When the insurance contract comes into being on the basis of the statements recorded in the proposal form the insurer can avoid liability, if any of the above statements are found 

untrue. (underwriter should ensure that none of the questions are left blank or just put ‘---’. Otherwise, in case of dispute, it will be construed in favour of the insured in case of a disputed claim)

INSURANCE REGULATORY AND DEVELOPEMNT AUTHORITY (IRDA)

The Committee on reforms of the insurance sector under the chairmanship of Shri R N Malhotra, ex-governor of Reserve Bank of India, recommended for the creation of a more efficient and competitive financial system in tune with global trends. It recommended amendments to regulate the insurance sector to adjust with the economic policies of privatization. The government in pursuance of the recommendation of the committee, decided to establish a Provisional Insurance Regulatory and Development Authority in 1996, to replace the erstwhile authority called the Controller of Insurance constituted under the Insurance Act, 1938, which initially worked under the Ministry of Commerce and later transferred to the Ministry of Finance.

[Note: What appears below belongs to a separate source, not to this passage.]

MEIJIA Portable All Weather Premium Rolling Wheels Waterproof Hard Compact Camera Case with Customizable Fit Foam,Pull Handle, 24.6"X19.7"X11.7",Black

 Finally, the decision to establish the Insurance Regulatory and Development Authority was implemented by the passing of the Insurance Regulatory and Development Authority Act, 1999. In India, presently after the opening up of the insurance sector, the regulator for the monitoring of the operations of the insurance companies is the IRDA, having its head office in Hyderabad. The regulatory framework mainly aims to focus on three areas, viz.,

The protection of the interest of the consumers
To ensure the financial soundness of the insurance industry
To pave the way to help a healthy growth of the insurance market where both the government and the private players play simultaneously.

Some of the important duties, powers and functions of Authority include to

 Issue certificate of registration, to applicants interested in insurance business, and also to renew, modify, withdraw, suspend or cancel such registration
Specify requisite qualifications and practical training for insurance intermediaries and agents Specify the code of conduct for surveyors and loss assessors
 Levy fees and other charges for carrying out the purposes of this Act
Control and regulate the rates, terms and conditions that may be offered by insurers in respect of general insurance business
Regulate investment of funds by insurance companies
Regulate maintenance of margin of solvency
Adjudication of disputes between insurers and insurance intermediaries
Supervise the functioning of the Tariff Advisory Committee

Specify percentage of life and general insurance business to be undertaken by the insurer in the rural or social sector.
The Authority shall consist of the following members namely a chairperson, five wholetime members and four part-time members, to be appointed by the Central Government from amongst persons of ability, integrity and standing who have knowledge or experience in life insurance, general insurance, actuarial science, finance, economics, law, accountancy, administration or any other discipline.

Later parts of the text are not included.